Records -
================================

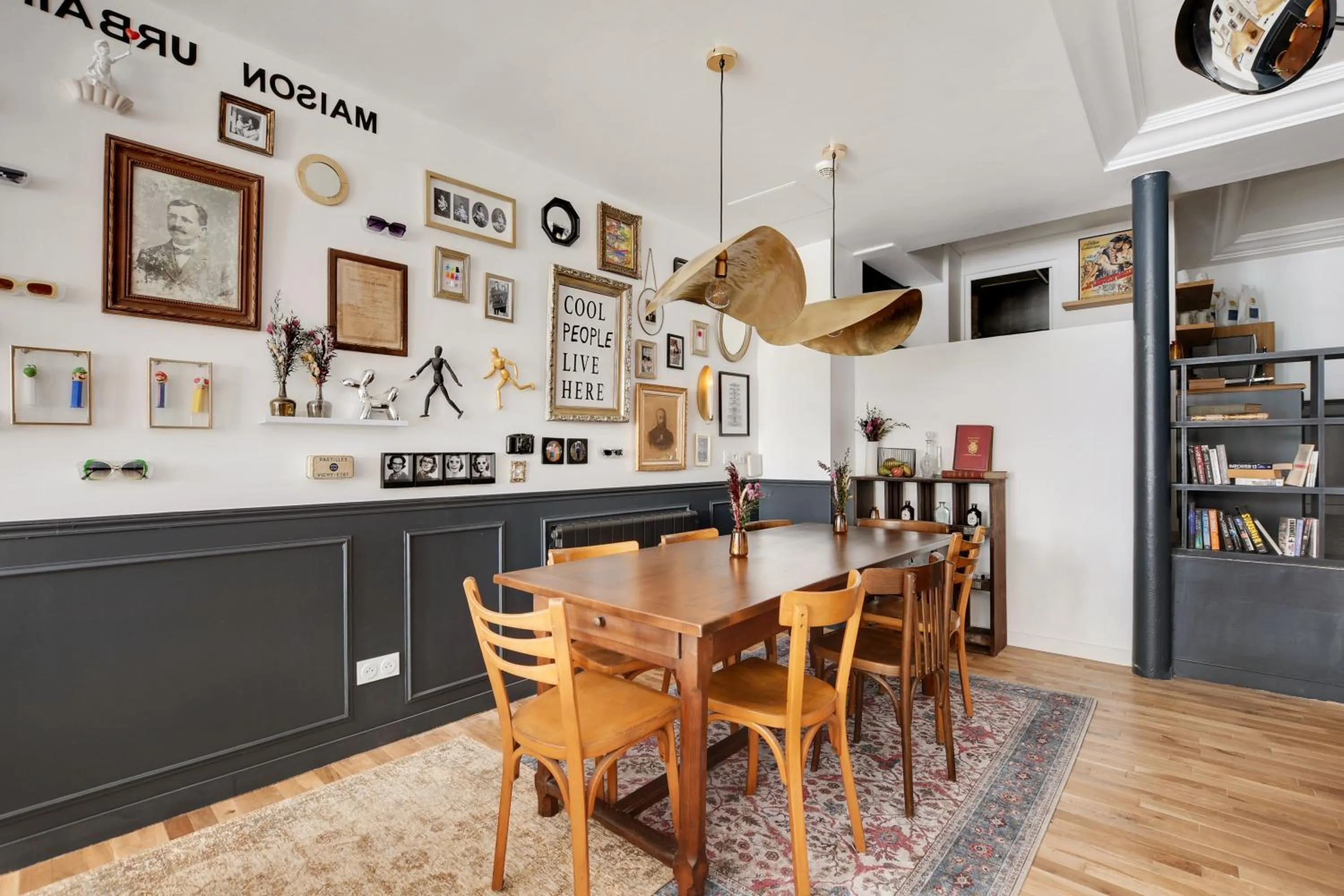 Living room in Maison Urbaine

================================

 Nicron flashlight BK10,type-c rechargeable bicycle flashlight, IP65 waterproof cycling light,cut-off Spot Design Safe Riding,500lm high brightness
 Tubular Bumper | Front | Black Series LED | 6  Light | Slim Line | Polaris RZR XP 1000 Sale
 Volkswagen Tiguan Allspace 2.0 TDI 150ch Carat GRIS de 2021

================================

Your goal -
Out of the data above, transcribe exactly and only the lines starting with the line that has "Tubular Bumper |" and going on through the line that has "Volkswagen Tiguan Allspace", both included.

Response to the task -
 Tubular Bumper | Front | Black Series LED | 6  Light | Slim Line | Polaris RZR XP 1000 Sale
 Volkswagen Tiguan Allspace 2.0 TDI 150ch Carat GRIS de 2021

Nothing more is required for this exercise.